[Your instructions]
Give the data again word for word; drop the pictures.

[Records to use]
============

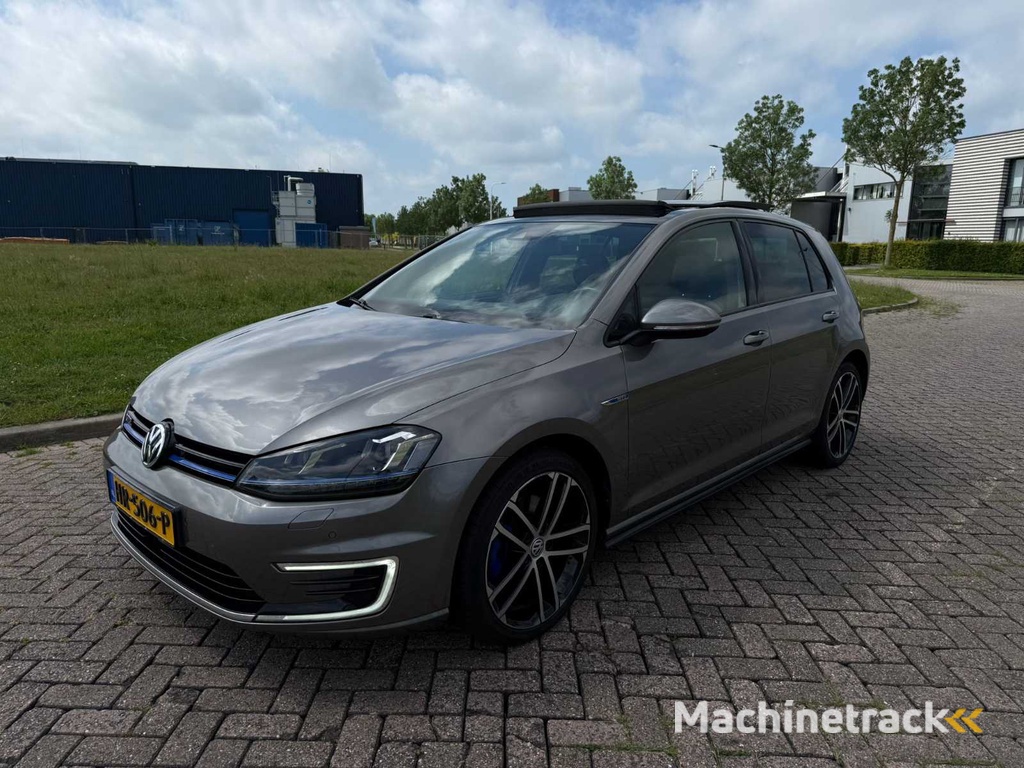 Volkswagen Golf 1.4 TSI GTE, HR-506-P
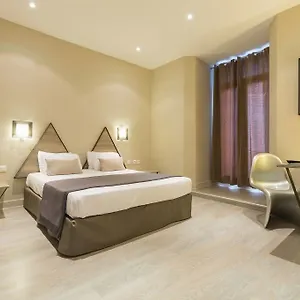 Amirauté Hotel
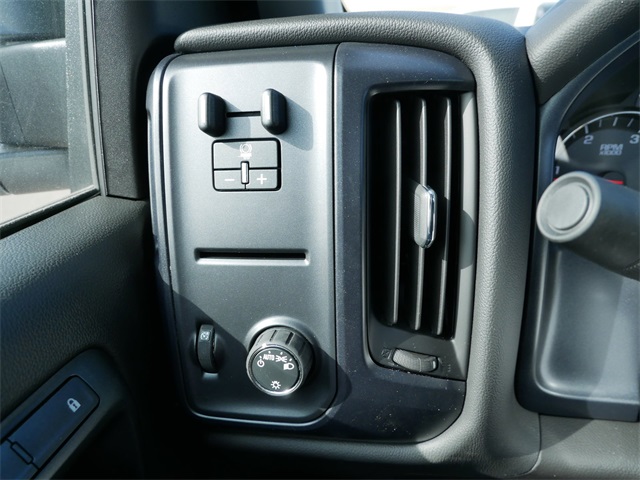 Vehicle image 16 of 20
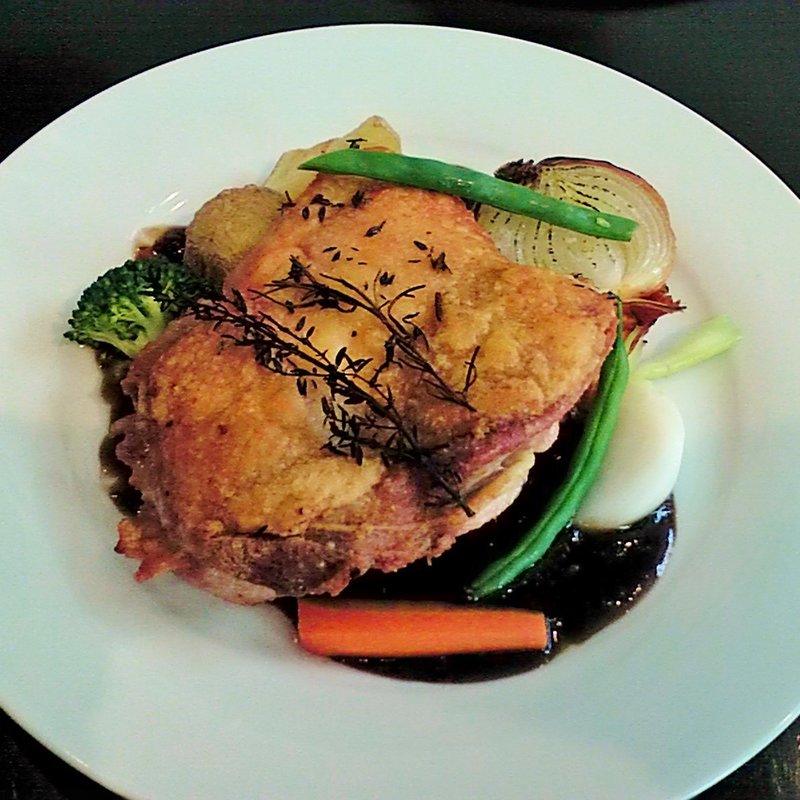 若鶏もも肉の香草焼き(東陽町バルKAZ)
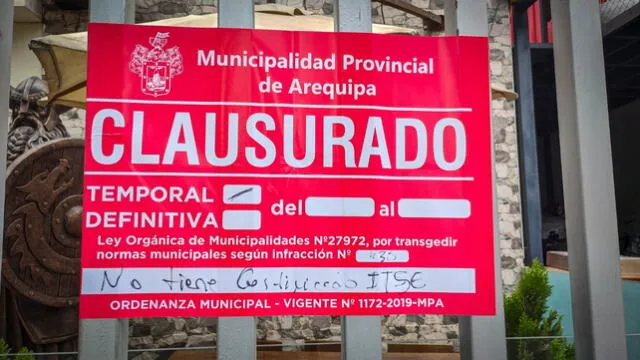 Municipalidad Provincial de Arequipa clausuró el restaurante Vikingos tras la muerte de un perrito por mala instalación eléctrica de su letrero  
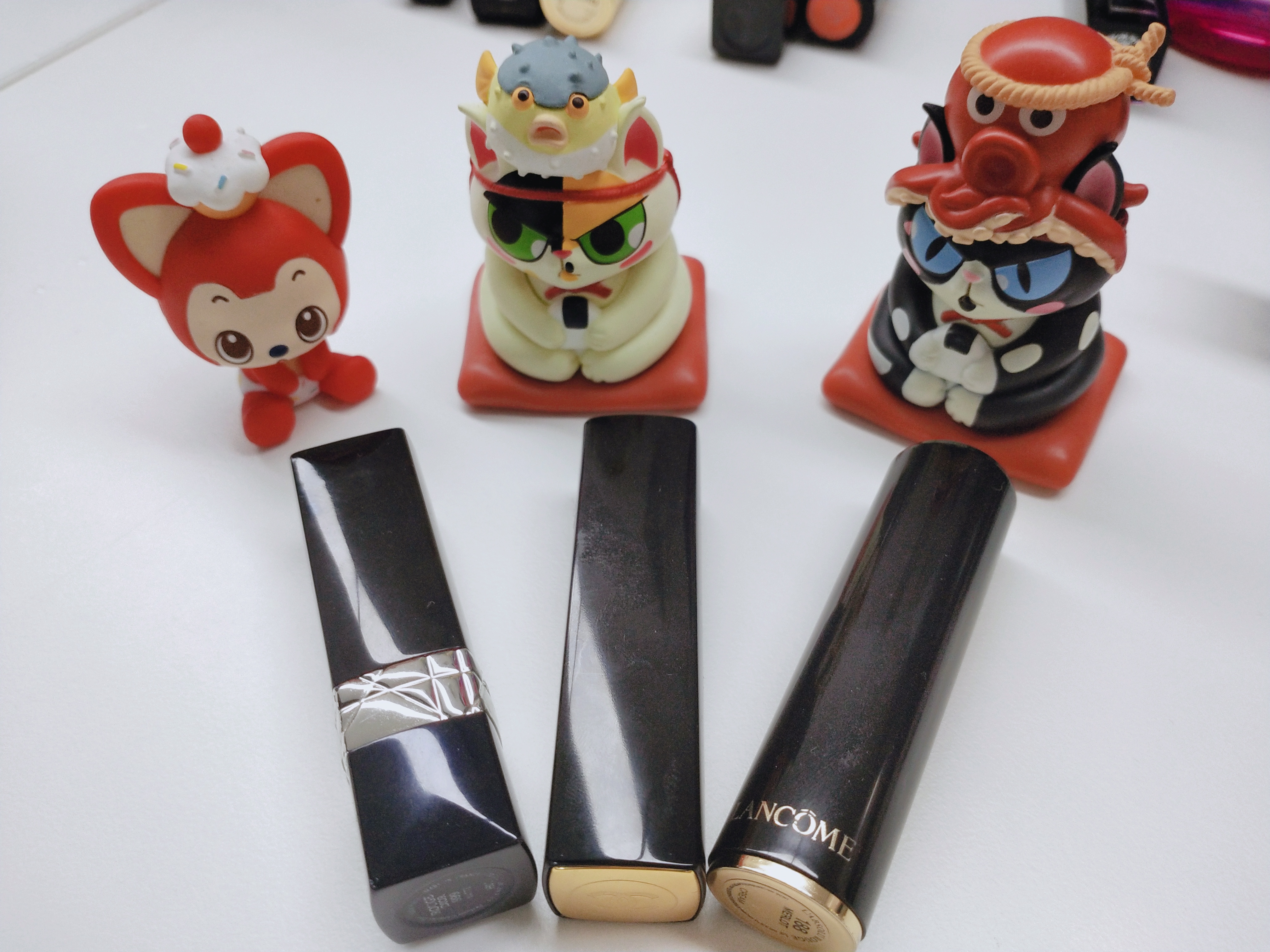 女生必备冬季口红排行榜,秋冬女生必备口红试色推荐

============

[Result of the exercise]
 Volkswagen Golf 1.4 TSI GTE, HR-506-P
 Amirauté Hotel
 Vehicle image 16 of 20
 若鶏もも肉の香草焼き(東陽町バルKAZ)
 Municipalidad Provincial de Arequipa clausuró el restaurante Vikingos tras la muerte de un perrito por mala instalación eléctrica de su letrero  
 女生必备冬季口红排行榜,秋冬女生必备口红试色推荐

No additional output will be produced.